Au-dessus de 5.000 euros, le vendeur entre en revanche dans le champ de l’imposition. Dans la plupart des cas, les vendeurs choisissent la taxe forfaitaire. Elle a en effet le mérite de la simplicité puisqu’elle se calcule directement sur le prix de vente.

Depuis 2014, son taux est de 6% auquel s’ajoute 0,5% au titre de la CRDS. La ponction globale est donc de 6,5% (contre 5% avant 2014).

Il est à noter que ce taux vise les objets d’art et de collection. La vente de métaux précieux est soumise à un taux spécial de 10% (plus 0,5% de CRDS).

S’il s’agit de pièces de monnaie, l’un ou l’autre de ces taux peut s’appliquer selon la date d’émission. Jusqu’à 1800, elles sont considérées comme des objets de collection (donc soumises au taux de 6,5%). Après 1800, elles entrent dans la catégorie des métaux précieux.

L’imposition de la plus-value réelle

Le vendeur peut aussi choisir de n’être imposé que sur sa plus-value. Il convient alors de déterminer cette plus-value en faisant la différence entre le prix de vente et le prix d’achat (frais d’acquisition et/ou de restauration inclus).

Le solde, soit la plus-value, est alors imposé à 19% plus 15,5% de prélèvements sociaux, ce qui donne une taxation globale de 34,5%.

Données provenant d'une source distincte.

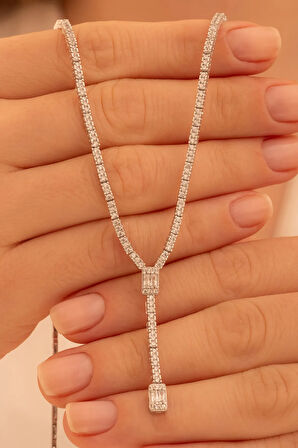 Kadın Gümüş Kolye - Süreyya Baget Taşlı Model Kadın Kolye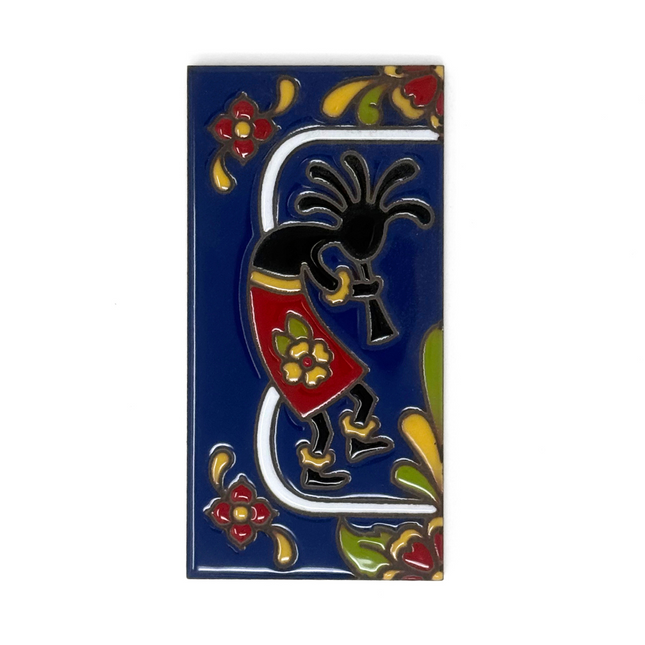 Blue Talavera Kokopelli End Cap Tile for Custom House Number Sign | Loose Ceramic Tile | Hand Glazed Tile | Address Sign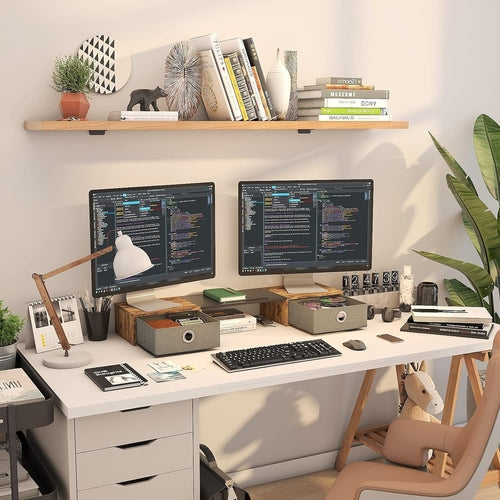 Ergonomic Dual Monitor Stand Riser With Two Drawers For Comfortable Workspace Organization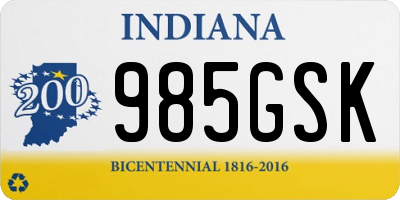 IN license plate 985GSK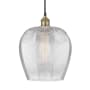 Innovations Lighting Norfolk 12" Wide Pendant Black Antique Brass / Clear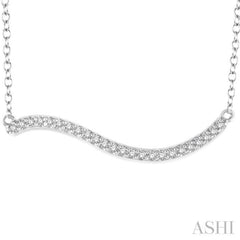 1/6 Ctw Wave Round Cut Diamond Necklace With Link Chain in 10K White Gold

Le vendeur bénéficie en outre d’abattements selon la durée de détention. Ces abattements sont de 5% par an au-delà de la deuxième année et aboutissent à une exonération après 22 ans de détention.

Cette option peut donc se révéler avantageuse, mais elle nécessite de disposer de tous les justificatifs pour prouver la date d’achat et le prix d’acquisition. Cela peut s’avérer compliqué pour des biens de famille ou des actifs fongibles comme des pièces.

Exemple

Un particulier vend un objet de collection pour 30.000 euros. Avec la taxe forfaitaire à 6,5%, il doit payer 1.950 euros. S’il parvient à prouver qu’il a acquis ce même bien pour 20.000 euros il y a plus de 15 ans, il peut opter pour le régime général. Sa plus-value de 10.000 euros bénéficie alors de 65% d’abattement. Il n’est plus imposé que sur 3.500 euros au taux de 34,5%. Ce qui limite sa taxation à 1.207 euros.